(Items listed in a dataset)
Segment Open
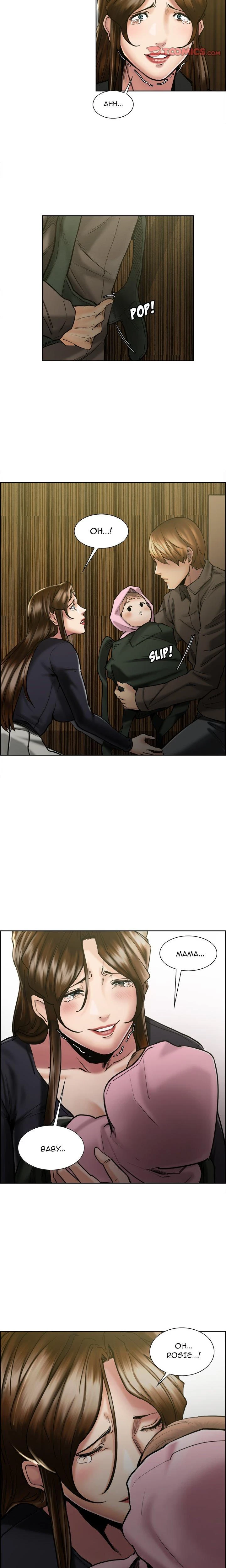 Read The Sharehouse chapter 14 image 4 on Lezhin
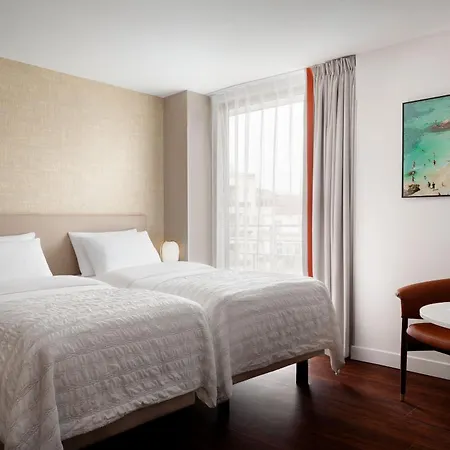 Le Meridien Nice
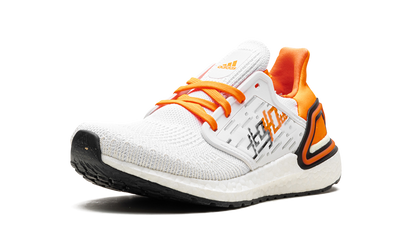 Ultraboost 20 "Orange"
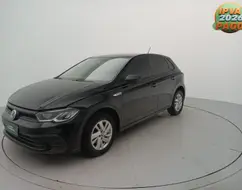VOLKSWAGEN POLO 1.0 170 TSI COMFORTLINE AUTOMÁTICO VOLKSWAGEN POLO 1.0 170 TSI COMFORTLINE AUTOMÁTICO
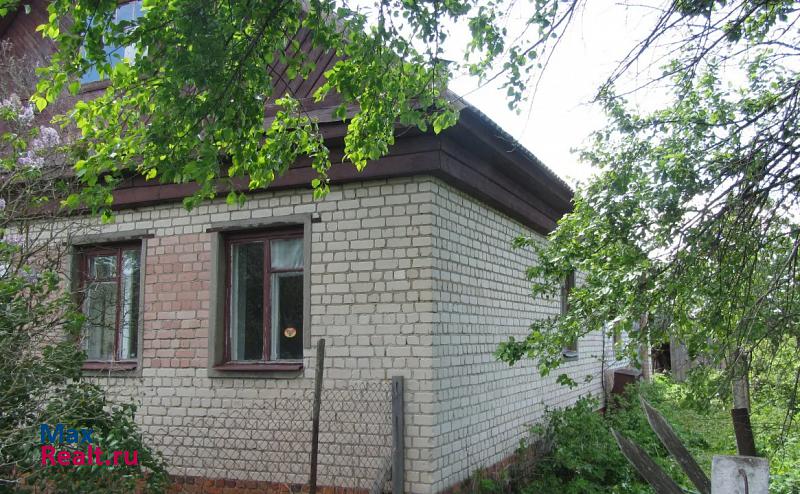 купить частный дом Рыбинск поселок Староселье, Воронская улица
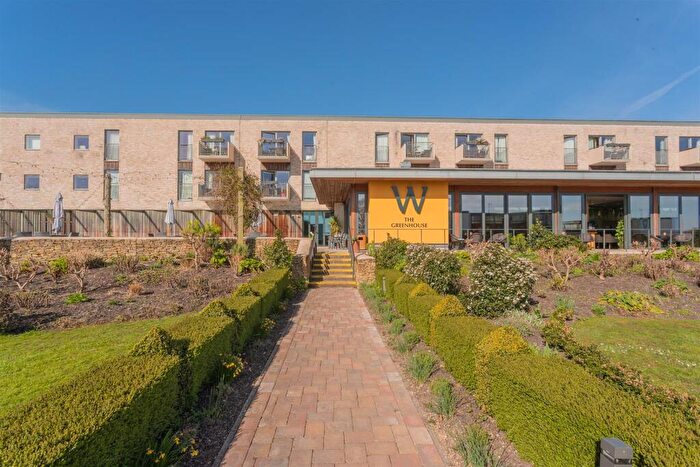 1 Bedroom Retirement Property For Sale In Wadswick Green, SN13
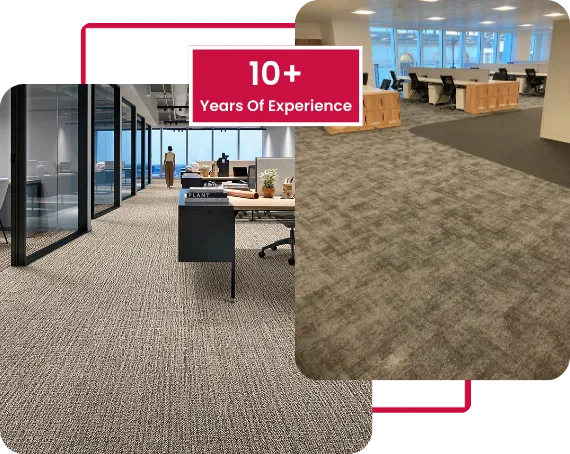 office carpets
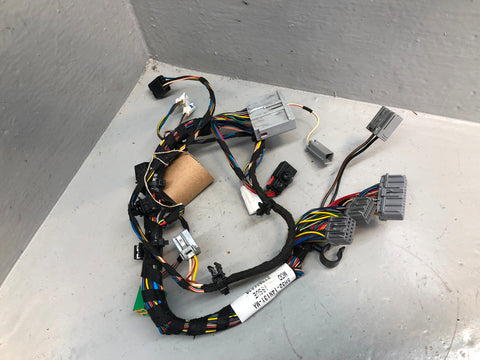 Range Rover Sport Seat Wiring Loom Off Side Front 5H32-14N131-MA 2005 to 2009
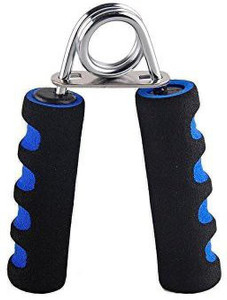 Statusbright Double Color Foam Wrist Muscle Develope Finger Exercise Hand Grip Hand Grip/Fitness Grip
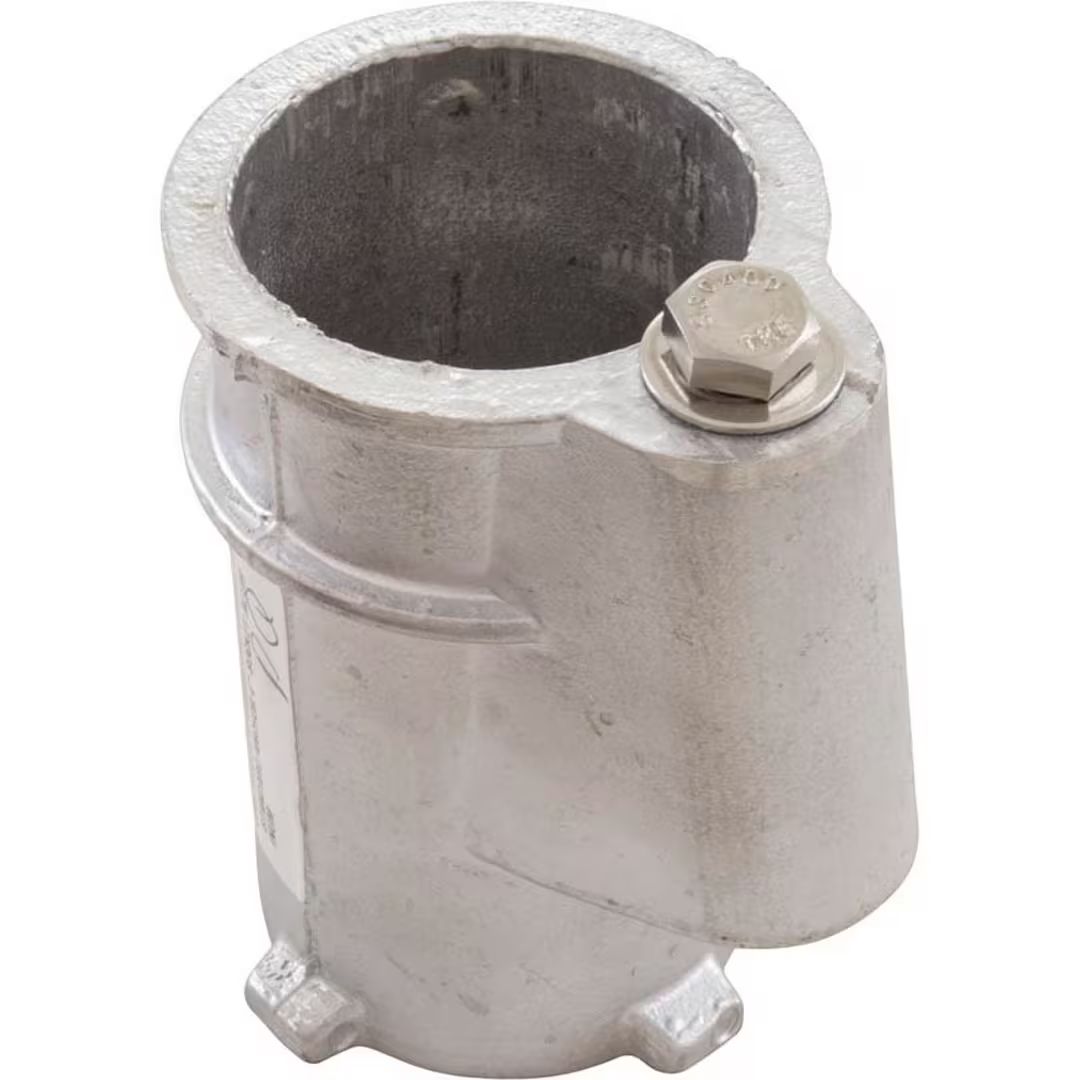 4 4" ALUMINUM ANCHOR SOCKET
Segment Closed
[What to produce]
Copy exactly what appears in the entries, beginning with the first line and ending with the line that has "office carpets", but not the pictures.

[Answer area]
 Read The Sharehouse chapter 14 image 4 on Lezhin
 Le Meridien Nice
 Ultraboost 20 "Orange"
VOLKSWAGEN POLO 1.0 170 TSI COMFORTLINE AUTOMÁTICO VOLKSWAGEN POLO 1.0 170 TSI COMFORTLINE AUTOMÁTICO
 купить частный дом Рыбинск поселок Староселье, Воронская улица
 1 Bedroom Retirement Property For Sale In Wadswick Green, SN13
 office carpets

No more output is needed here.